Путь через «Чистилище» становится утомительным. Он обдирает кожу, ранит, жжет. В каком-то смысле «Ад» читать легче: там мы можем воспринимать себя в отрыве от осужденных, можем каким-то образом отмежеваться от них. Здесь же отмежеваться невозможно. Читая «Чистилище», неизбежно вовлекаешь в этот процесс всю жизнь, все происходящее, все свои впечатления. Поэтому сегодня я не могу не рассказать о том, что случилось со мной за месяц после нашей последней встречи. Некоторые события настолько потрясли меня, что теперь, читая эти страницы, я пытаюсь осознать через них, что же со мной произошло. Если бы я решил не упоминать сейчас об этом, то поступил бы наперекор тому, о чем собираюсь говорить; это противоречило бы тому, что Данте скажет мне сегодня. Я посоветовался с другом, и он подтвердил: да, об этом стоит рассказать. Видимо, мы должны привыкнуть, что с Данте нужно вести диалог. На кону стоят вопросы, из которых состоит наша человечность.

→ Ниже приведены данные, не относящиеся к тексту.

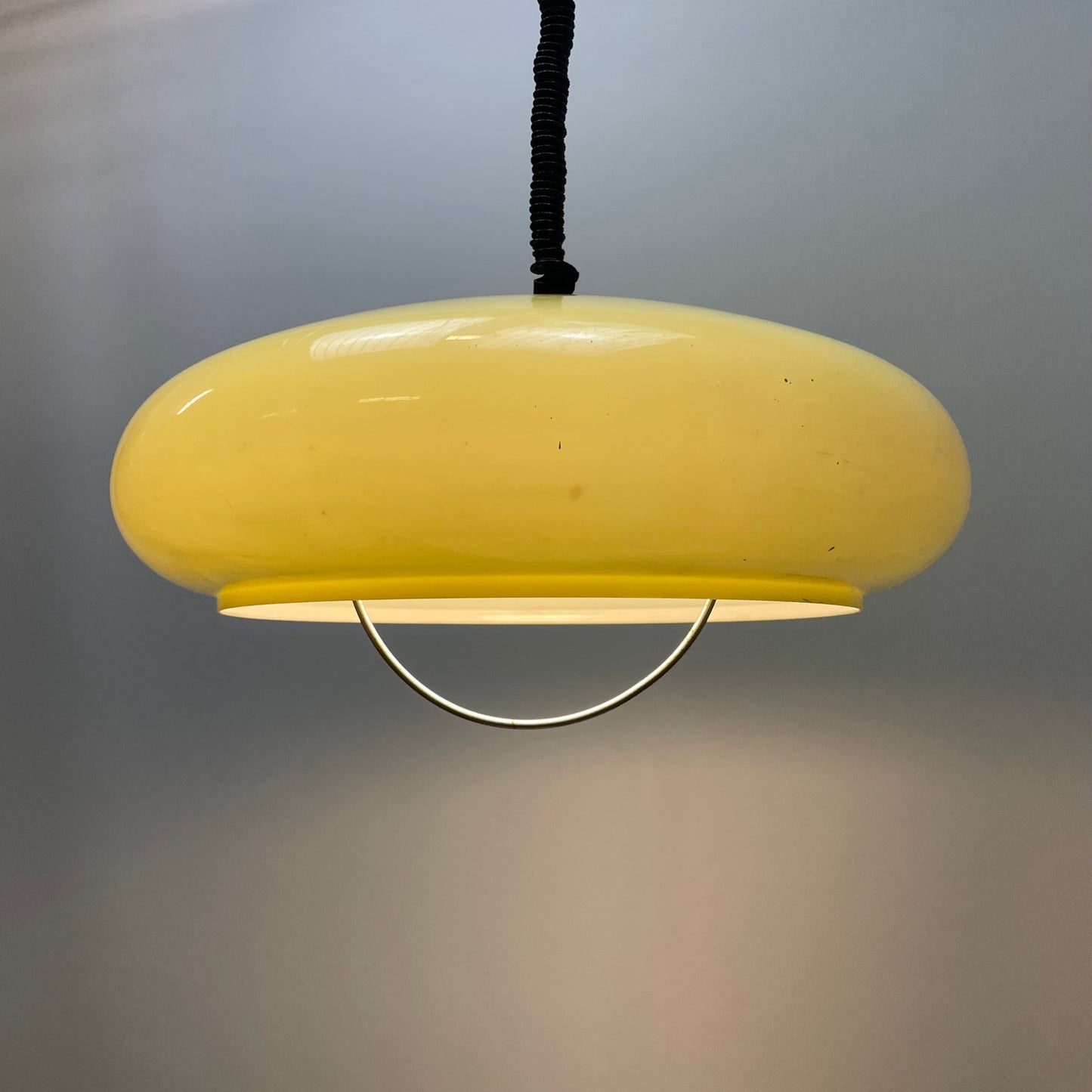 Vintage lamp, UFO pendant lamp, space age lighting, mushroom shade, plexiglass lamp, 1970s design, yellow pendant light, retro lighting, mid-century modern, iconic design.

Значимые события последнего времени связаны с двумя поездками, которые мне случилось совершить. Сначала я был в России: в Москве, в Новосибирске и затем в Кемерове. Последний этап поездки все во мне перевернул, и я постараюсь кратко объяснить почему. Отец Сергий, мой дорогой друг, пригласивший меня в Кемерово, попросил провести в кафедральном соборе города встречу, на которой присутствовали представители академической среды и все епархиальное священноначалие. Я думал, это будет обычный разговор о школе, о воспитании, а отец Сергий задал вопрос, что называется, в лоб. «В Советском Союзе Церковь претерпела семьдесят лет преследований. Сейчас законодательство изменилось, государство к нам благоволит. Обсуждается идея преподавания религии в государственных учебных заведениях, мы можем строить и открывать православные школы. Создается целый ряд условий, которые способны помочь Православной Церкви войти в кровоток гражданского общества, вернуть себе свою роль, власть, что была у нее 70 лет назад. Однако есть у меня некоторые сомнения. Ведь в Италии у вас, католиков, тоже после войны была в руках огромная власть, Церковь была на пике величия и общественного влияния. Но получилось не слишком хорошо. В течение нескольких десятилетий вера как религиозная практика почти исчезла; но еще прежде она перестала влиять на гражданскую жизнь, на менталитет, на культуру. Объясни, где вы ошиблись. Это поможет нам избежать ошибок, которые вы совершили тогда. Где ошиблась Католическая Церковь, которая разрушилась, даже имея такую власть?»